*** Recorded data Section Begins ***
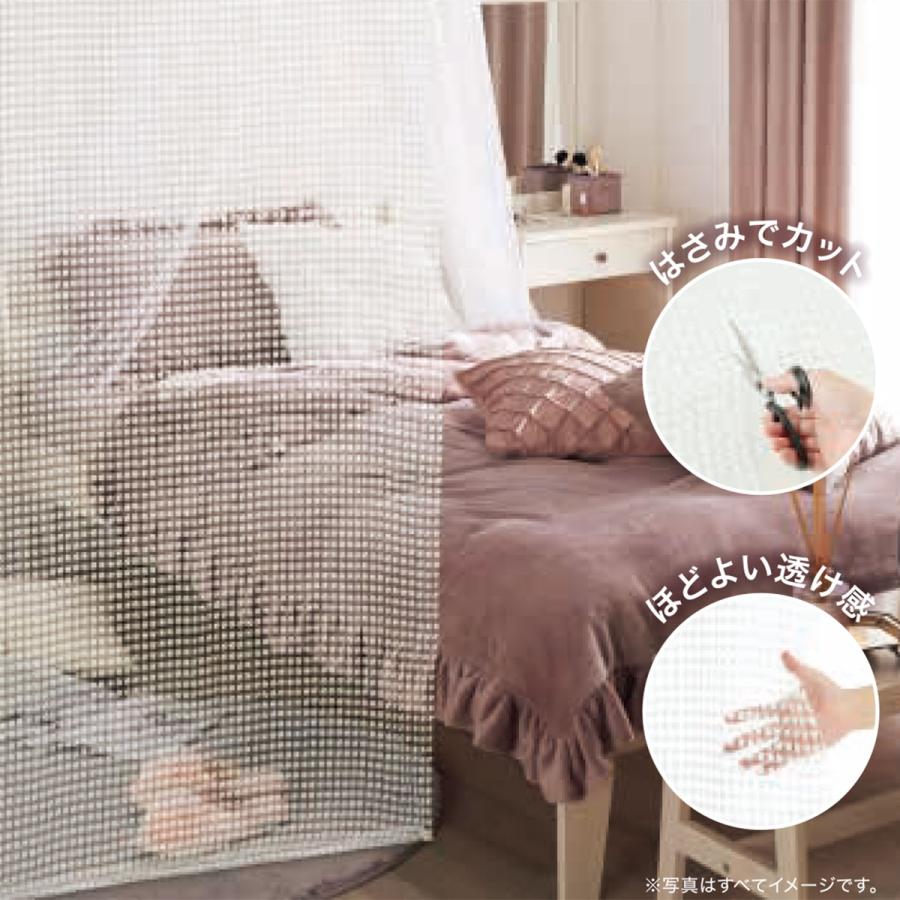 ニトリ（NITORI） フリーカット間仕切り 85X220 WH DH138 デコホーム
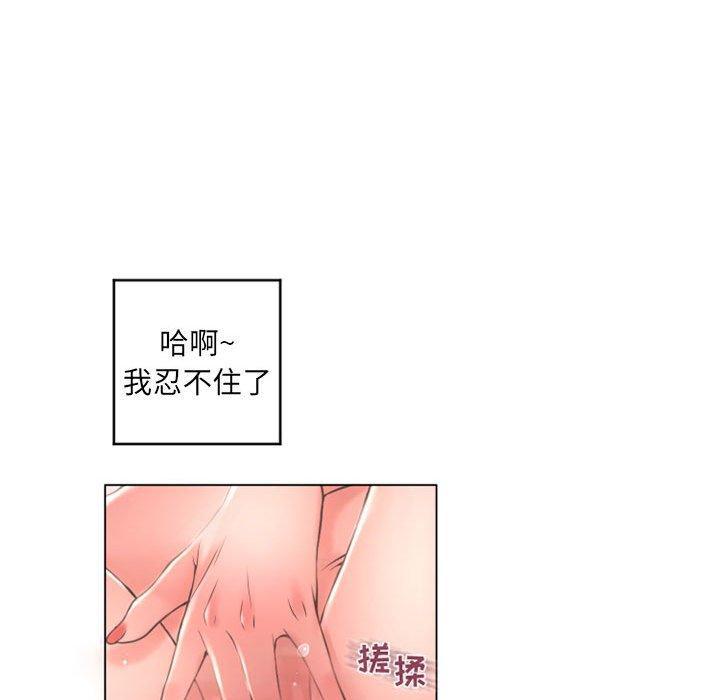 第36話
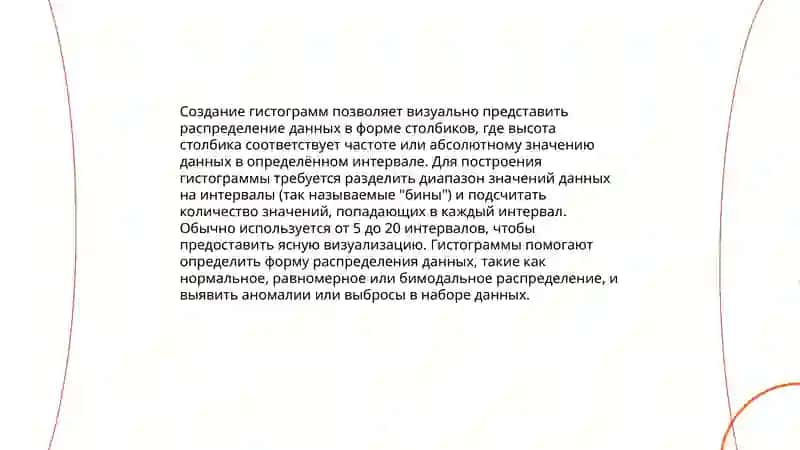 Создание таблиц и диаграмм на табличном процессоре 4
*** Recorded data Section Ends ***
- Exercise objective
Return the listing exactly as it appears, excluding any image.

- Solution for this exercise
 ニトリ（NITORI） フリーカット間仕切り 85X220 WH DH138 デコホーム
 第36話
 Создание таблиц и диаграмм на табличном процессоре 4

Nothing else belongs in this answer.